Exercise prompt:
Start at the line with "350 N Palm Drive - Photo 4" and print every line through the end of the material below. Keep it exact and free of pictures.

Given data:
□ □ □ □ □

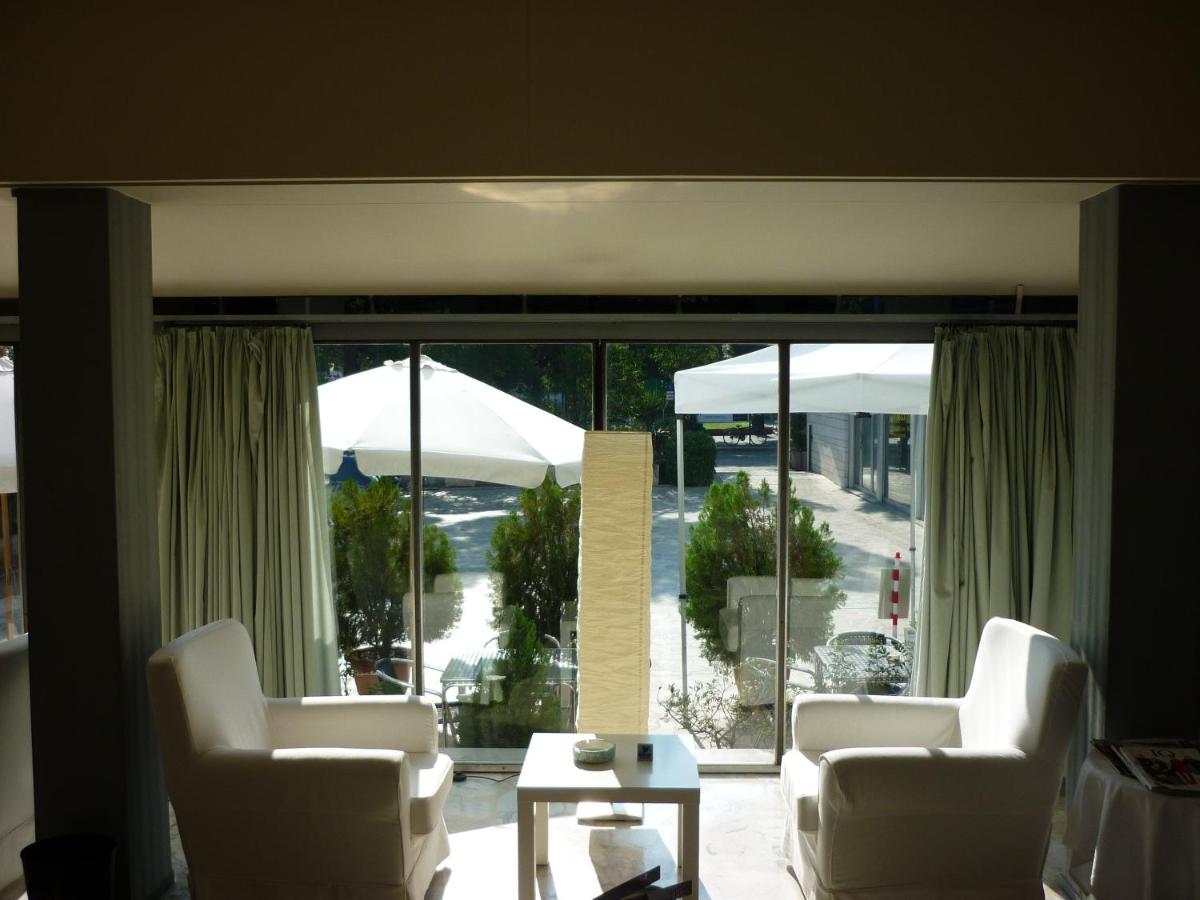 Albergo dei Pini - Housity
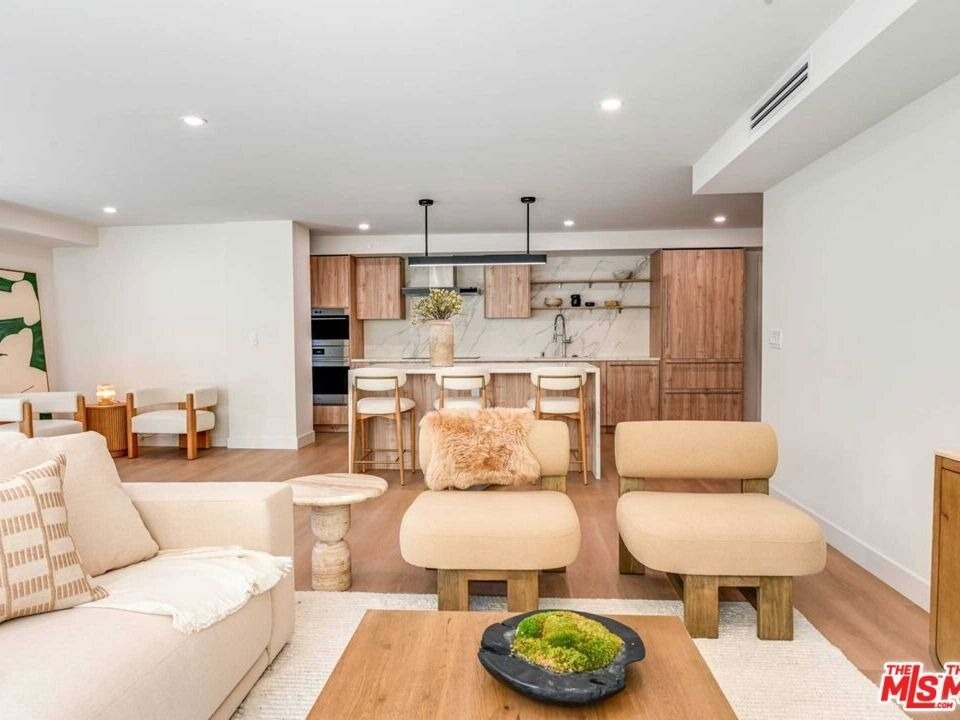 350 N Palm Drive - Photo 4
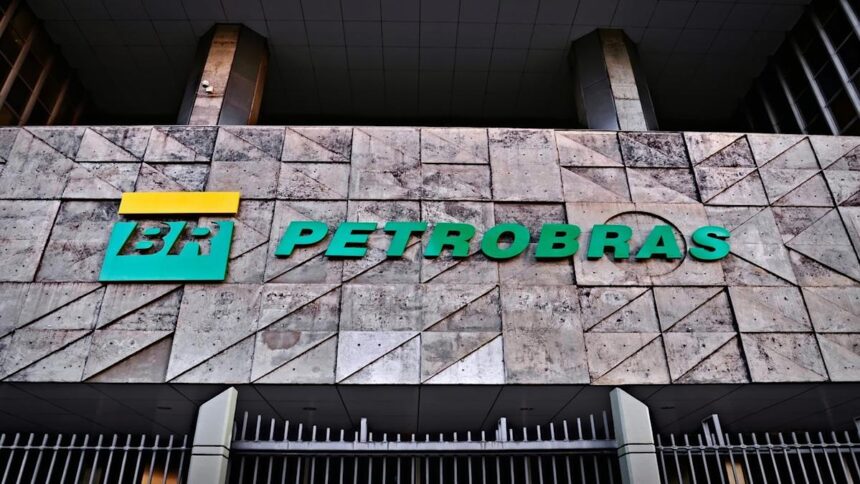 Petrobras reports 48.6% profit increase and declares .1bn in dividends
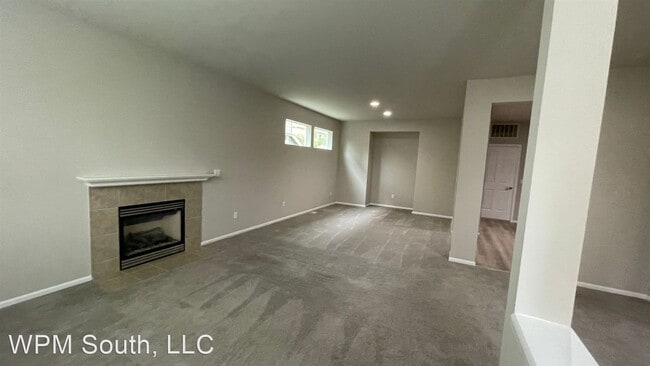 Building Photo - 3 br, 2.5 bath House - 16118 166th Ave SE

□ □ □ □ □

Solution for this task:
 350 N Palm Drive - Photo 4
 Petrobras reports 48.6% profit increase and declares .1bn in dividends
 Building Photo - 3 br, 2.5 bath House - 16118 166th Ave SE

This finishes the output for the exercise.